Posted on 07 Apr 2009
Colorado State University's Atlantic hurricane forecast was lowered today to 12 named storms for the 2009 season, with six developing into hurricanes.
Researchers William Gray and Philip Klotzbach cut the number from a preliminary estimate of 14 in December. Two of the hurricanes should reach major strength, meaning winds of 111 mph (178 kph) or more on the Saffir-Simpson Scale, they said today.
The Fort Collins, Colorado, school’s forecasts are followed by insurers and energy markets, and last year almost hit the mark exactly. In April 2008, Gray and Klotzbach predicted 15 storms would form; in August they raised the outlook to 17. The 2008 season spawned an above-average 16 named storms.

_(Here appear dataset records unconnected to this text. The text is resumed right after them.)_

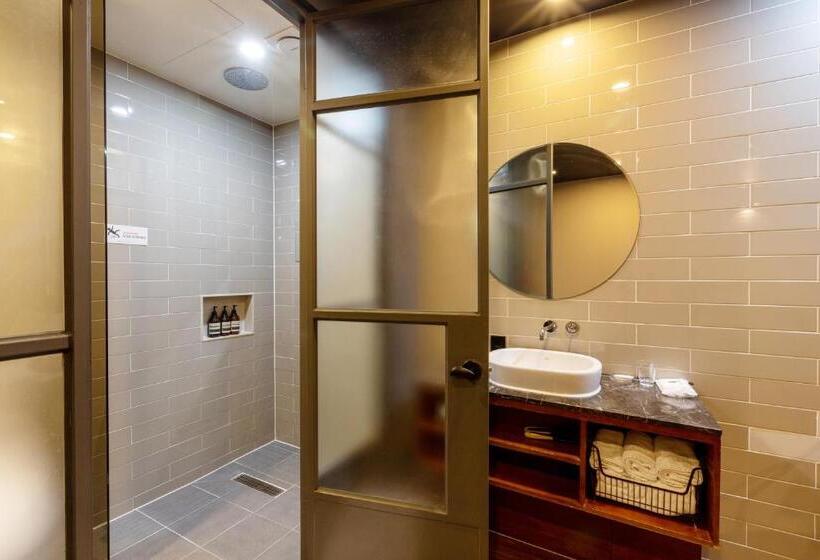 اتاق لوکس, Sorgente Business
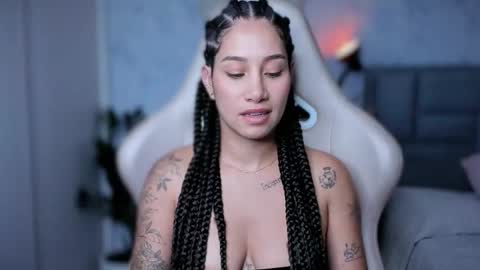 brisa  s online show from November 2025 03:01:01 PM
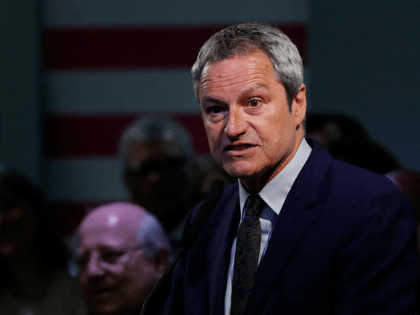 Gavin Esler, candidate of the new pro-EU political party, Change UK speaks at the launch of their European election campaign in Bristol on April 23, 2019. (Photo by Adrian DENNIS / AFP) (Photo credit should read ADRIAN DENNIS/AFP/Getty Images)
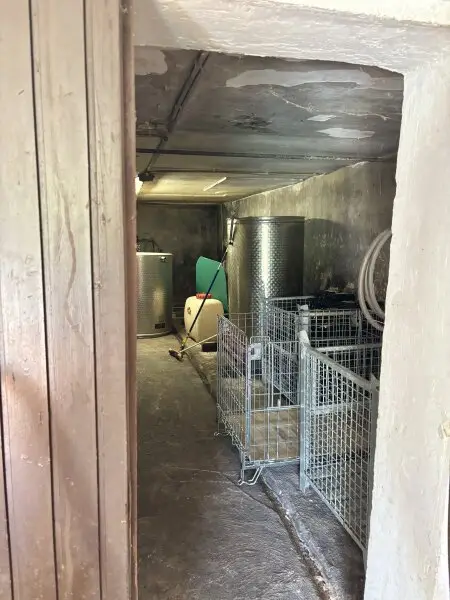 ** LEGENDE IN DER WEINIDYLLE ** D. Ehrensdorf !! Gepflegtes Haus mit ca. 245 m2 Nfl. in gediegener Ortsrandlage - Hauptwohnsitz möglich !!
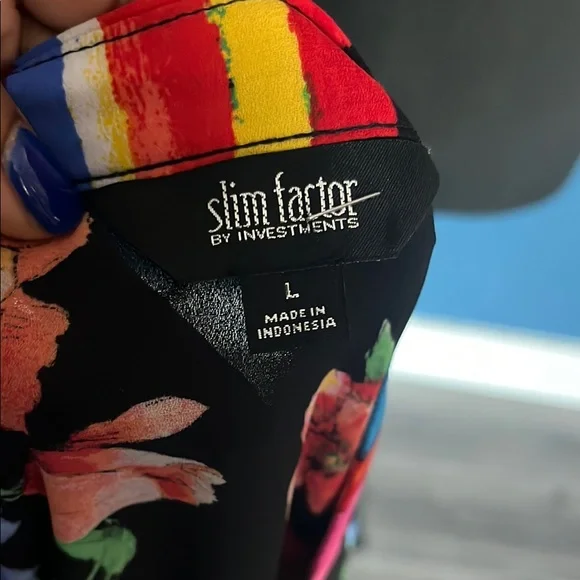 Slim Factor Colorful Floral Mixed Print Blouse - Picture 7 of 8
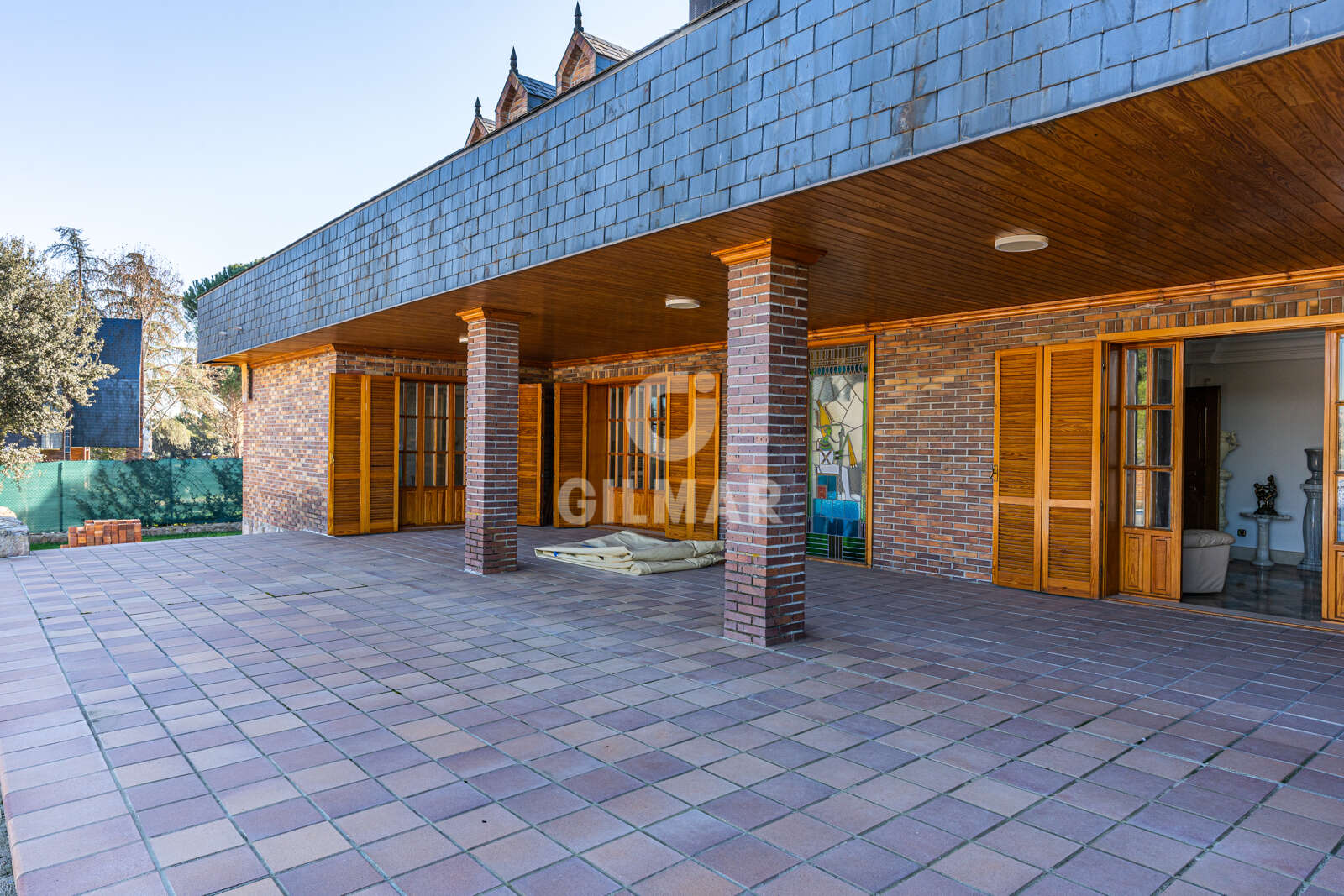 Property slider Gilmar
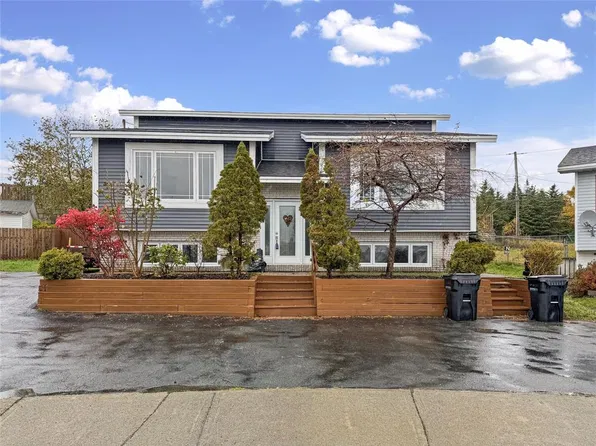 5 Lewisporte Place, St. Johns, NL A1E5T3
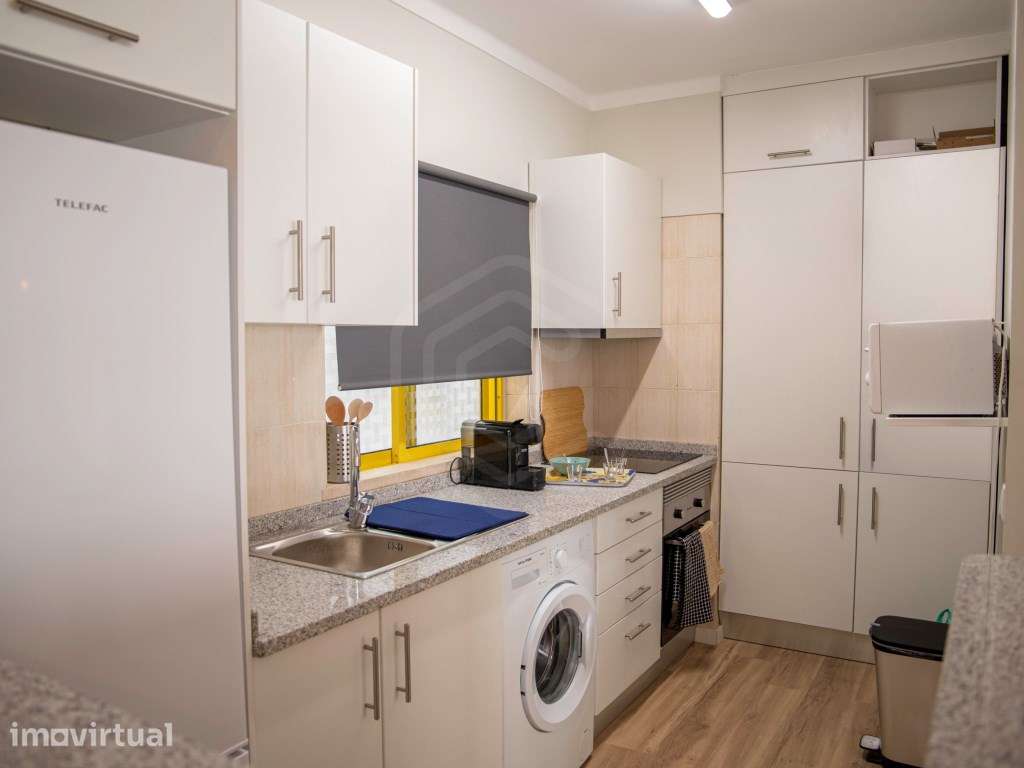 Apartamento T2 a 50 metros da Praia de Quarteira, Algarve - Grande imagem: 5/10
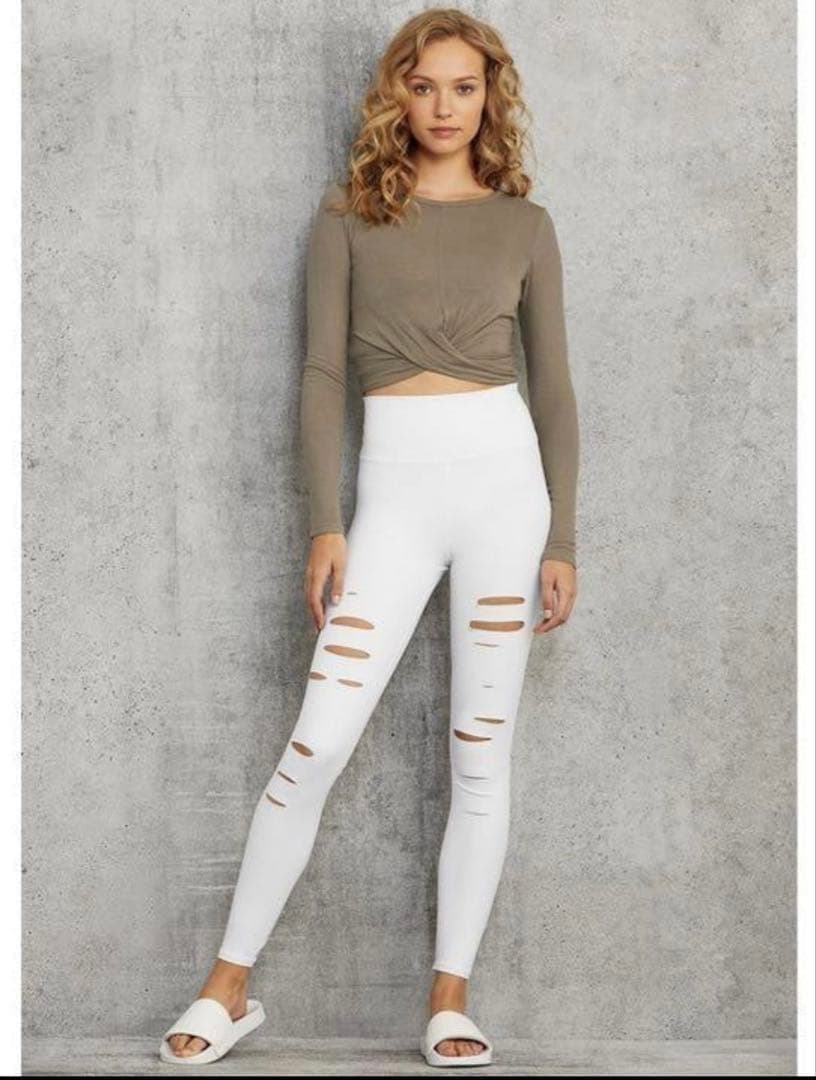 alo yoga ダメージ レギンス　XXS 日本未入荷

"I have much respect for the team of hurricane forecasters at CSU,” said Jim Rouiller, a senior energy meteorologist at Planalytics Inc., a private forecaster in Wayne, Pennsylvania. He spoke in an interview prior to the release. “The CSU hurricane forecast is probably the most sought-after and used product on a national basis.”
The 2009 forecast was cut because Atlantic tropical sea surface temperatures are the lowest they have been since 1994, meaning less fuel for hurricane development, Klotzbach said in a telephone interview today. Temperatures in the area are about 75 to 85 degrees Fahrenheit (23.8 to 29.4 Celsius), he said.